Extracted material below:

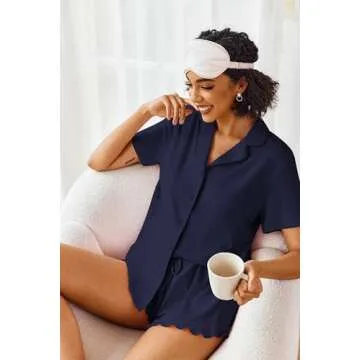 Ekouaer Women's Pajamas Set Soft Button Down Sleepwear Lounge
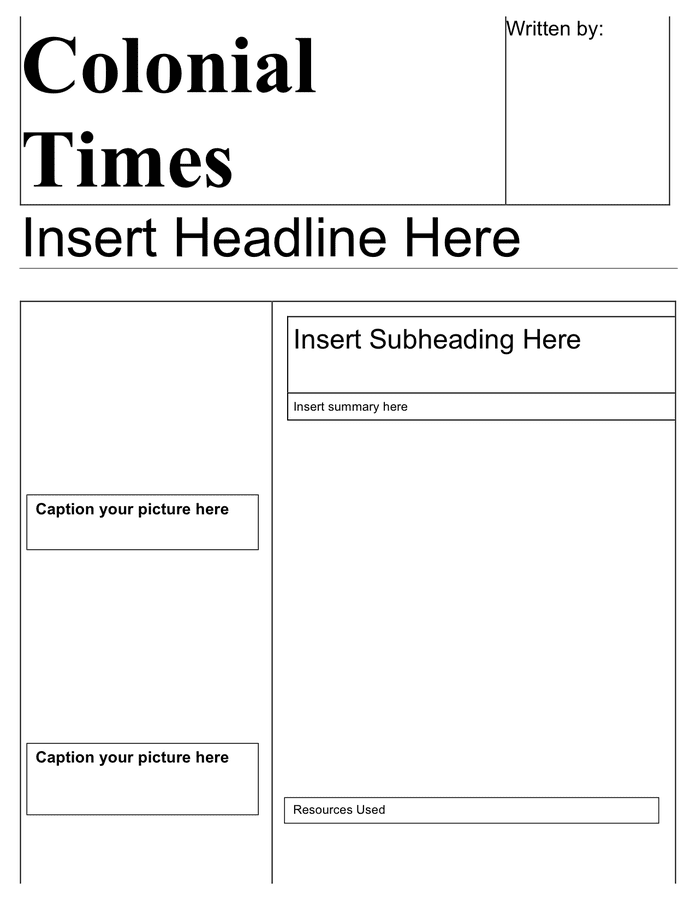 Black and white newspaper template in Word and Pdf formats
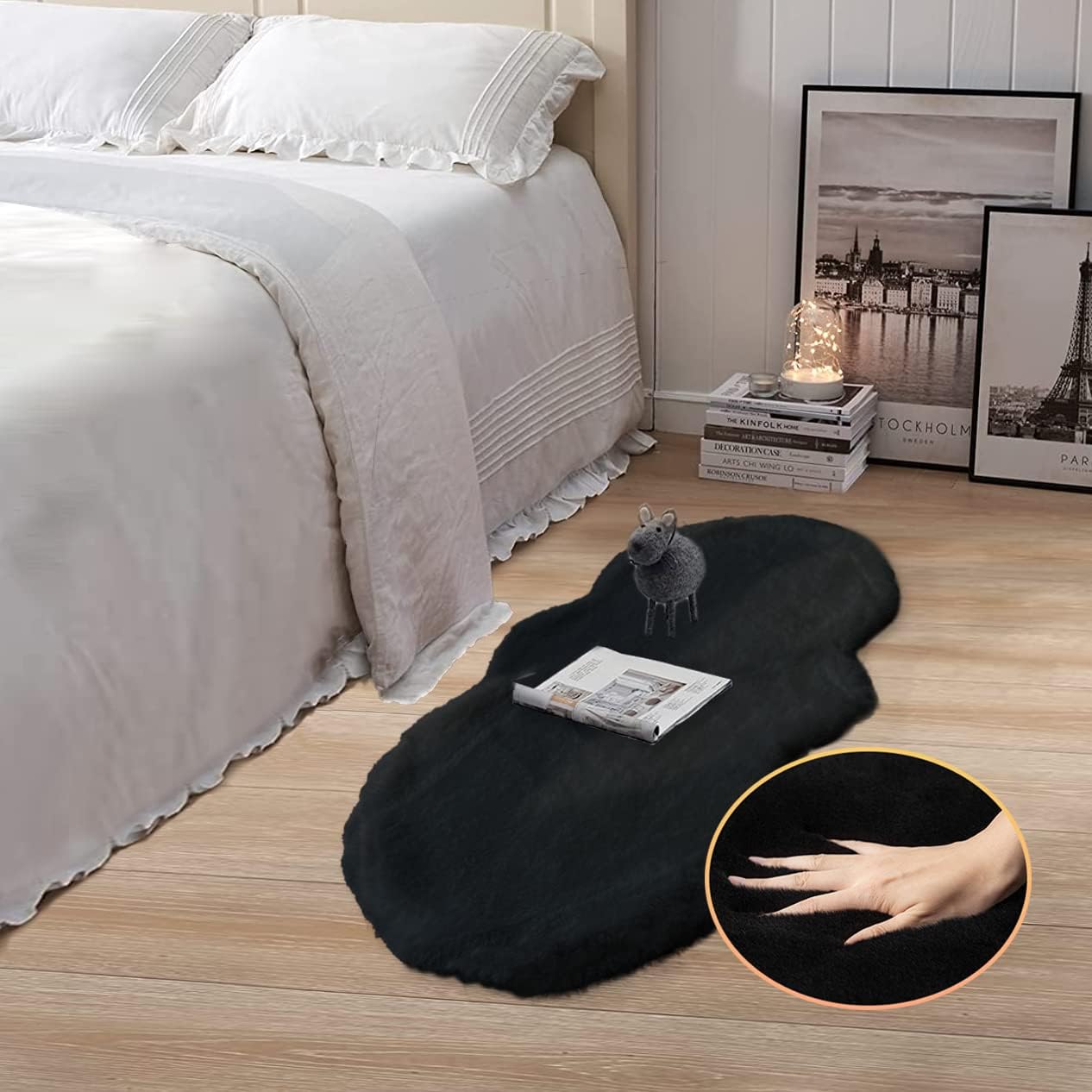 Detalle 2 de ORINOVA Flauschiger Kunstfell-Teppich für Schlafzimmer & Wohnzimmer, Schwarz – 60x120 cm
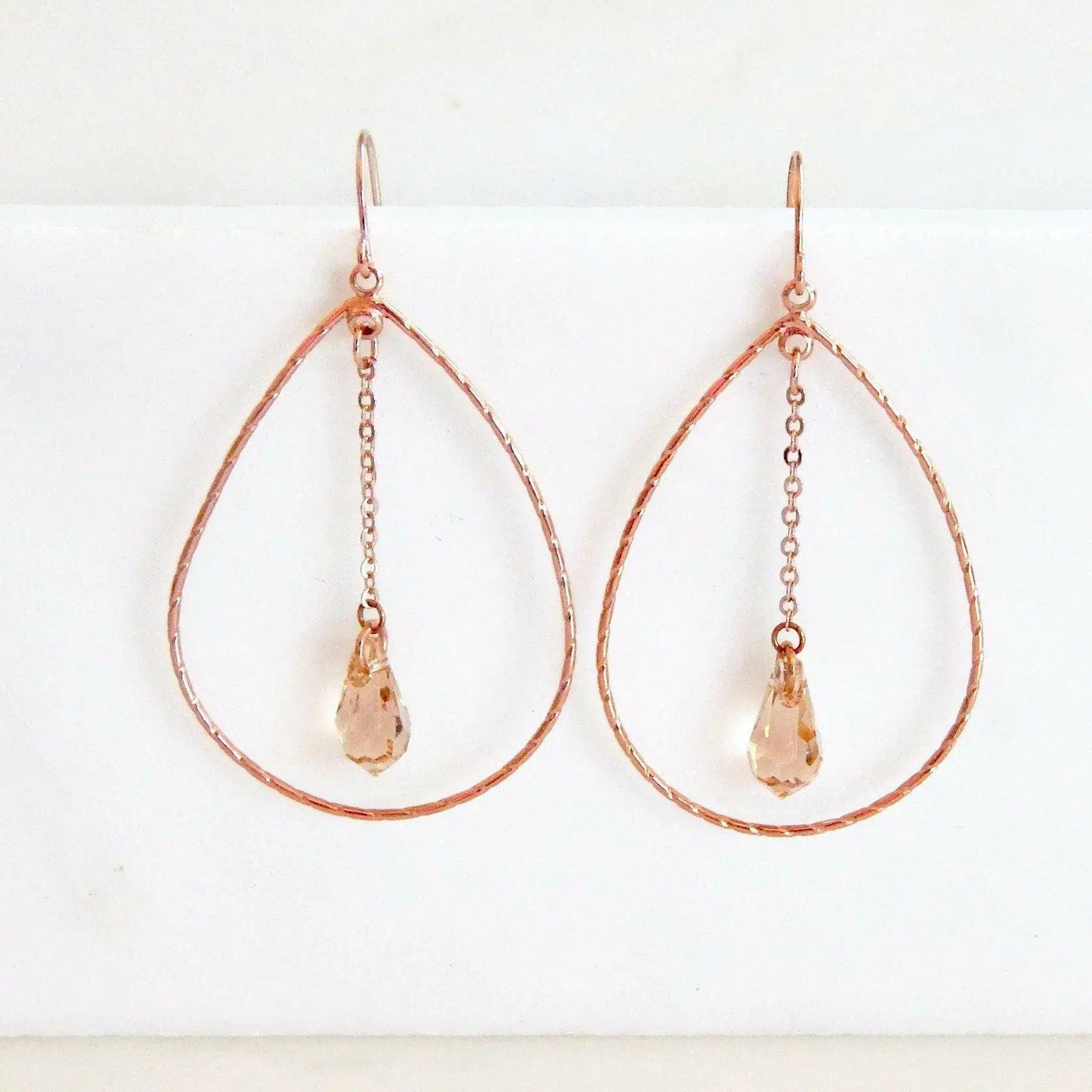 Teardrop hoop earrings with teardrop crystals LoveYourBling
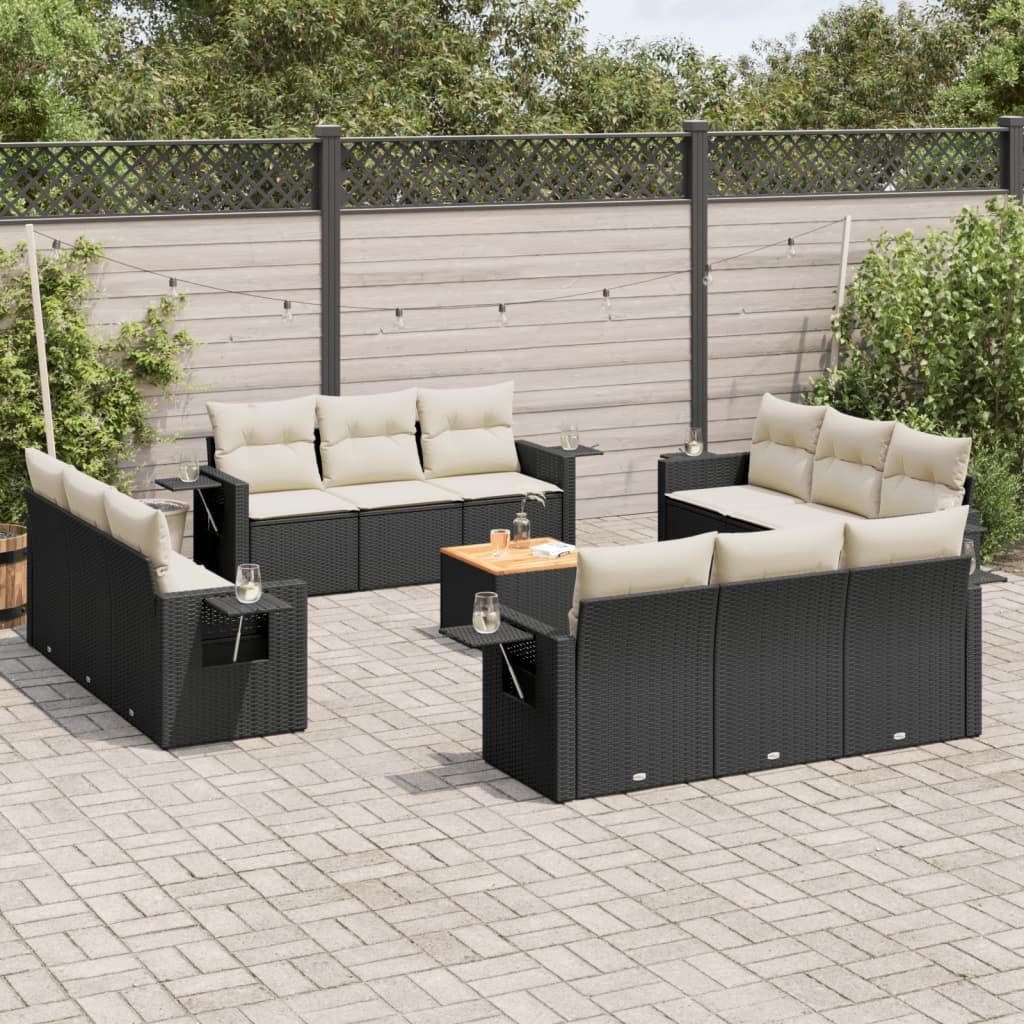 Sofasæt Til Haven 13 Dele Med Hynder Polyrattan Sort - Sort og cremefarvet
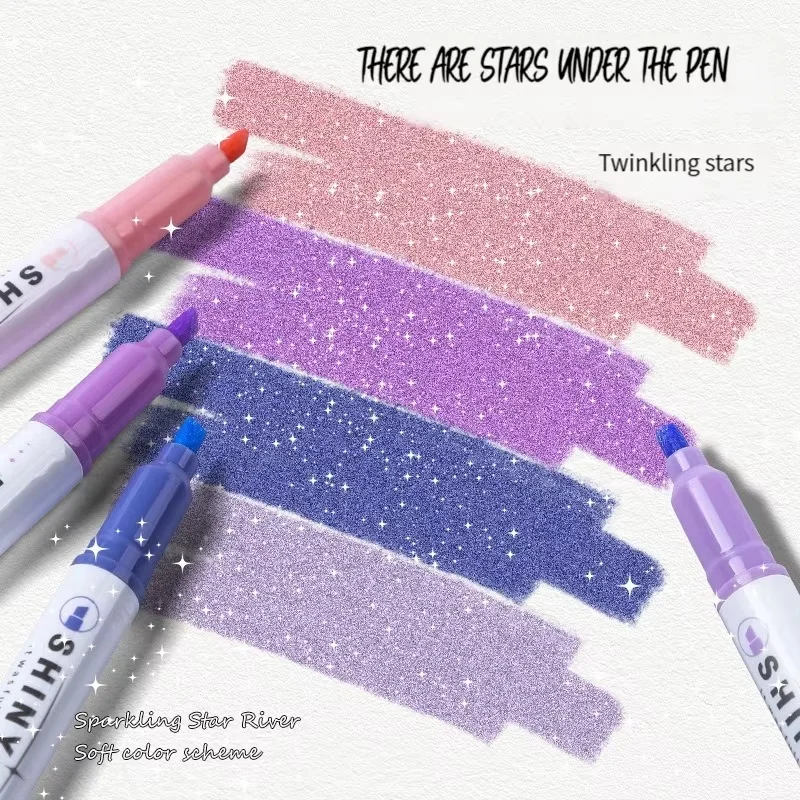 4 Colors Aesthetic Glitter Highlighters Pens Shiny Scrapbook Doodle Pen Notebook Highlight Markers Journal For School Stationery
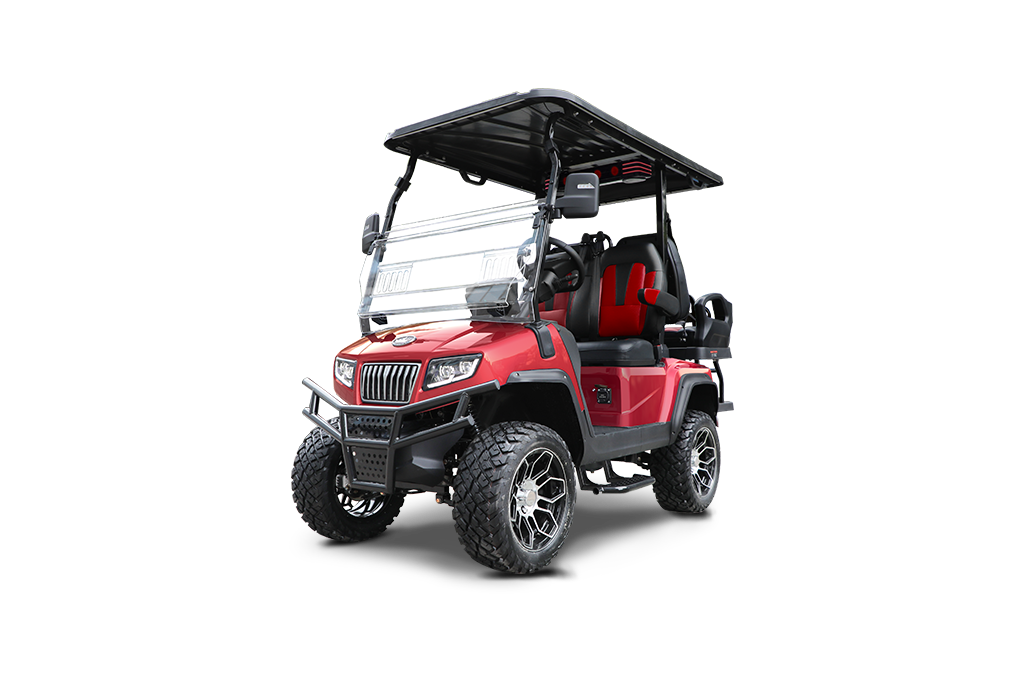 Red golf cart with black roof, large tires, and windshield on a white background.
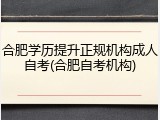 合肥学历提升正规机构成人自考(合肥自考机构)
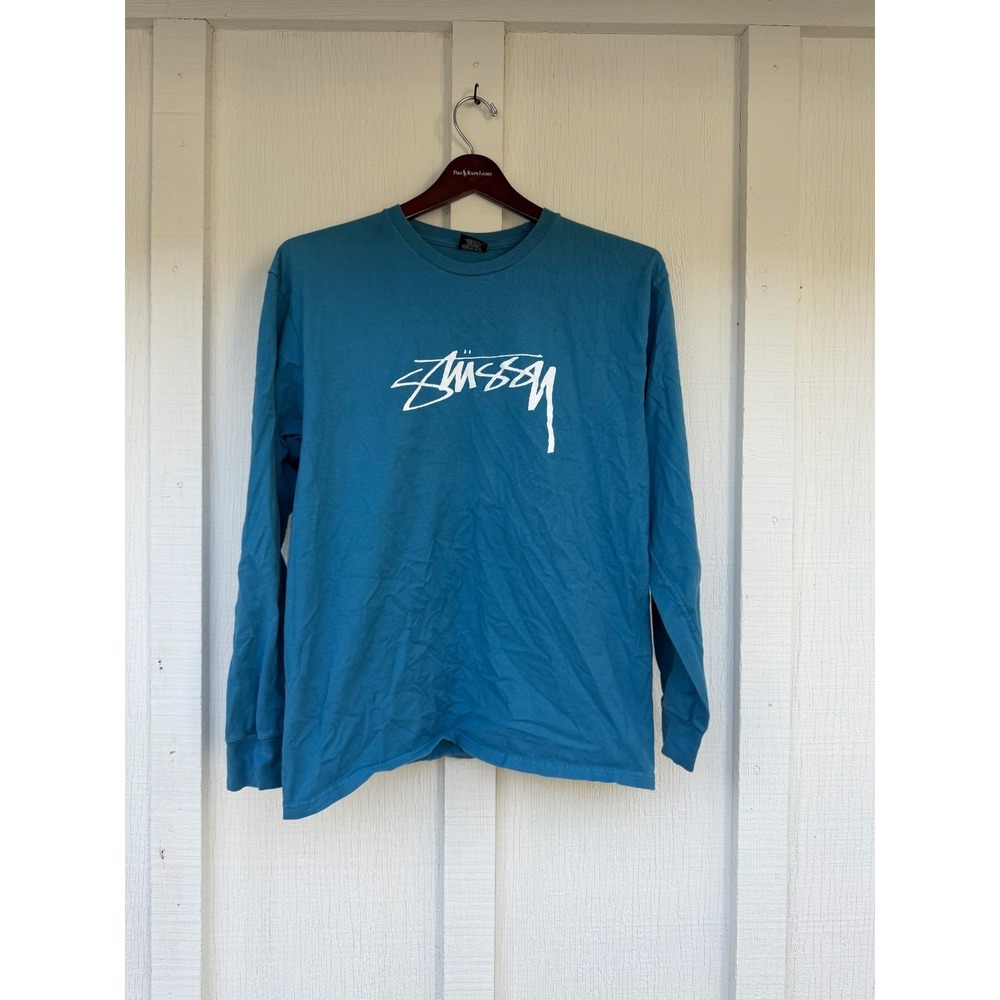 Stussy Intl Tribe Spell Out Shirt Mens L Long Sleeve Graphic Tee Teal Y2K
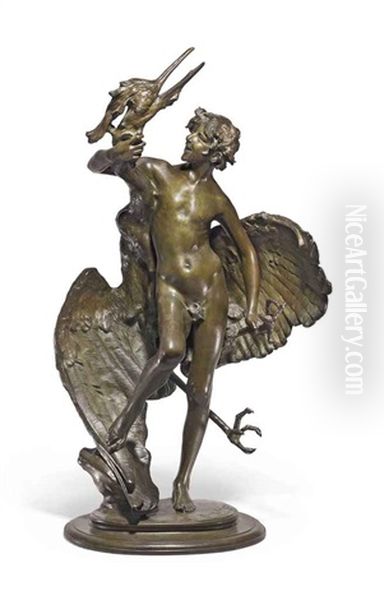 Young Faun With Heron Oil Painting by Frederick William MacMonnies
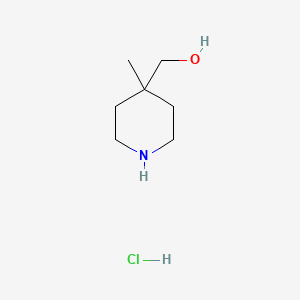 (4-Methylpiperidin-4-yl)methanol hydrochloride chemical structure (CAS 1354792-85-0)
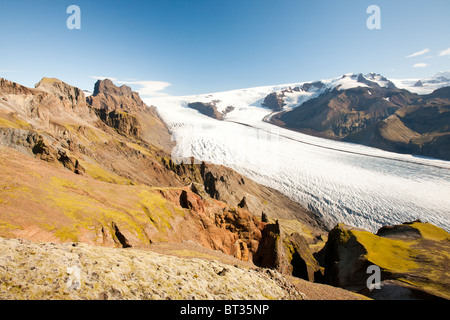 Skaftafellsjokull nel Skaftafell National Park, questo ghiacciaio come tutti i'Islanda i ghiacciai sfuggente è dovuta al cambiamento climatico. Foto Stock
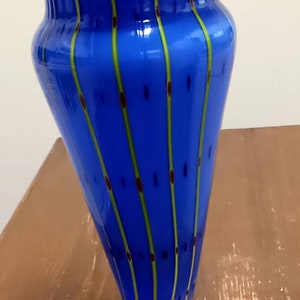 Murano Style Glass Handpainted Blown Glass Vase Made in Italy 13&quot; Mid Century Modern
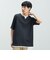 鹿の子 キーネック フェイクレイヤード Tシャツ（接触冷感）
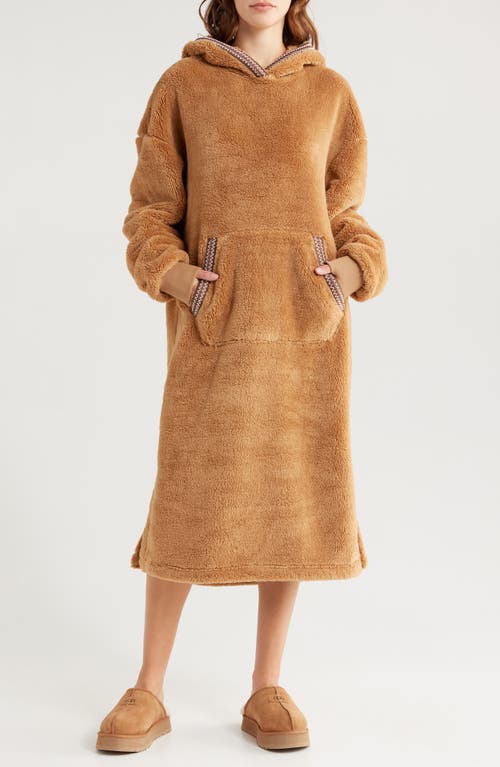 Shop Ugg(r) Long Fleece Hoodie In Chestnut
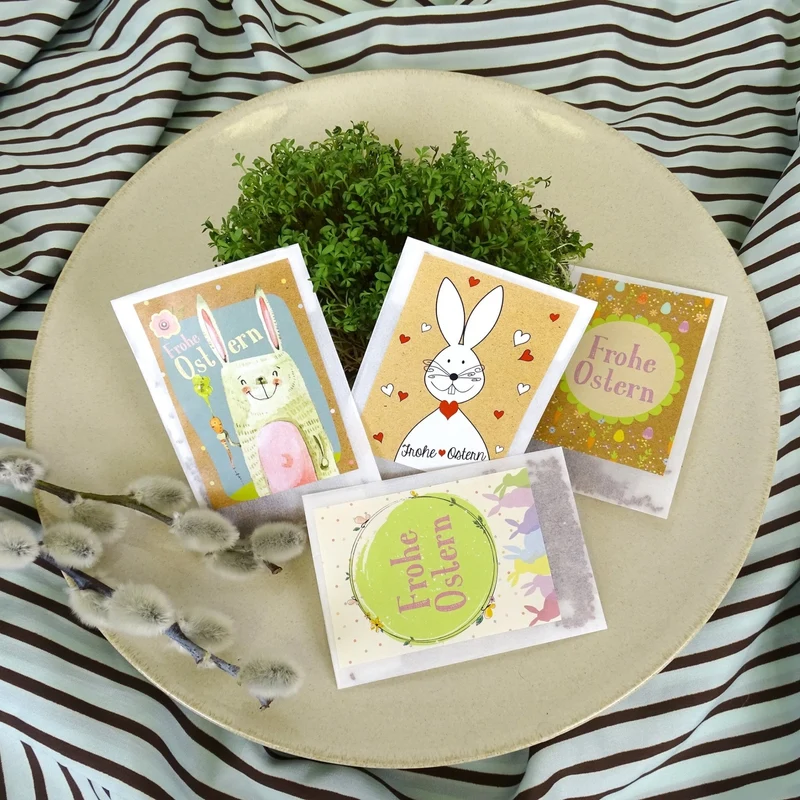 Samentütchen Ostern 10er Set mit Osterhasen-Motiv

End of Extracted material.

#### Task requirements
Would you write out each entry word for word and omit the images?

#### Response to this exercise
 Ekouaer Women's Pajamas Set Soft Button Down Sleepwear Lounge
 Black and white newspaper template in Word and Pdf formats
 Detalle 2 de ORINOVA Flauschiger Kunstfell-Teppich für Schlafzimmer & Wohnzimmer, Schwarz – 60x120 cm
 Teardrop hoop earrings with teardrop crystals LoveYourBling
 Sofasæt Til Haven 13 Dele Med Hynder Polyrattan Sort - Sort og cremefarvet
 4 Colors Aesthetic Glitter Highlighters Pens Shiny Scrapbook Doodle Pen Notebook Highlight Markers Journal For School Stationery
 Red golf cart with black roof, large tires, and windshield on a white background.
 合肥学历提升正规机构成人自考(合肥自考机构)
 Stussy Intl Tribe Spell Out Shirt Mens L Long Sleeve Graphic Tee Teal Y2K
 Young Faun With Heron Oil Painting by Frederick William MacMonnies
 (4-Methylpiperidin-4-yl)methanol hydrochloride chemical structure (CAS 1354792-85-0)
 Skaftafellsjokull nel Skaftafell National Park, questo ghiacciaio come tutti i'Islanda i ghiacciai sfuggente è dovuta al cambiamento climatico. Foto Stock
 Murano Style Glass Handpainted Blown Glass Vase Made in Italy 13&quot; Mid Century Modern
 鹿の子 キーネック フェイクレイヤード Tシャツ（接触冷感）
 Shop Ugg(r) Long Fleece Hoodie In Chestnut
 Samentütchen Ostern 10er Set mit Osterhasen-Motiv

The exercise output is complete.